À en croire les fournisseurs, garder longtemps ses outils d'impression et les immobiliser se révélerait un mauvais calcul.
« Au bout de huit ans, le prix des consommables a quasiment doublé, et la machine est plus sujette aux pannes, explique Eric Krzyzosiak, directeur marketing et stratégie de NRG. Quand on pense avoir amorti un appareil, on l'immobilise pour le transformer en actif. C'est autant d'argent de bloqué. Car, en général, l'immobilisation s'effectue au bout de la quatrième année au coût de la valeur résiduelle. Or, la machine ne vaut plus rien au bout de cinq ans. Et si l'on ne déprécie pas les immobilisations, on bloque une certaine somme d'argent. Donc, jeter les vieilles machines permet de libérer de la trésorerie pour la réinvestir ailleurs. »

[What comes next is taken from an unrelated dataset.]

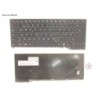 34067943 - KEYBOARD BLACK W.O TS NORWAY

Tout cela plaiderait donc pour une forme ou une autre de location. Mais les DSI n'y sont pas très réceptifs.
« Parce que c'est un discours de directeur financier. Le DSI, lui, ne veut pas être mis en porte-à-faux pour avoir acheté du matériel trop cher »,
poursuit Eric Krzyzosiak.
Trop technique, pas assez financier, le DSI ?
« C'est un drame, s'étonne Eric Krzyzosiak. Nous vendons comme des petits pains des logiciels de supervision d'imprimantes en réseau. Mais quand nous présentons la réduction des coûts par une démarche de conseil avec un paiement à la page, le DSI fait la moue. C'est dur à vendre. Pourquoi ? Probablement parce qu'il préfère une solution technique. »
Tous affirment néanmoins que cela reste un travers des très grands comptes. Dans l'Administration et les PME même les plus grosses , tout irait beaucoup plus vite.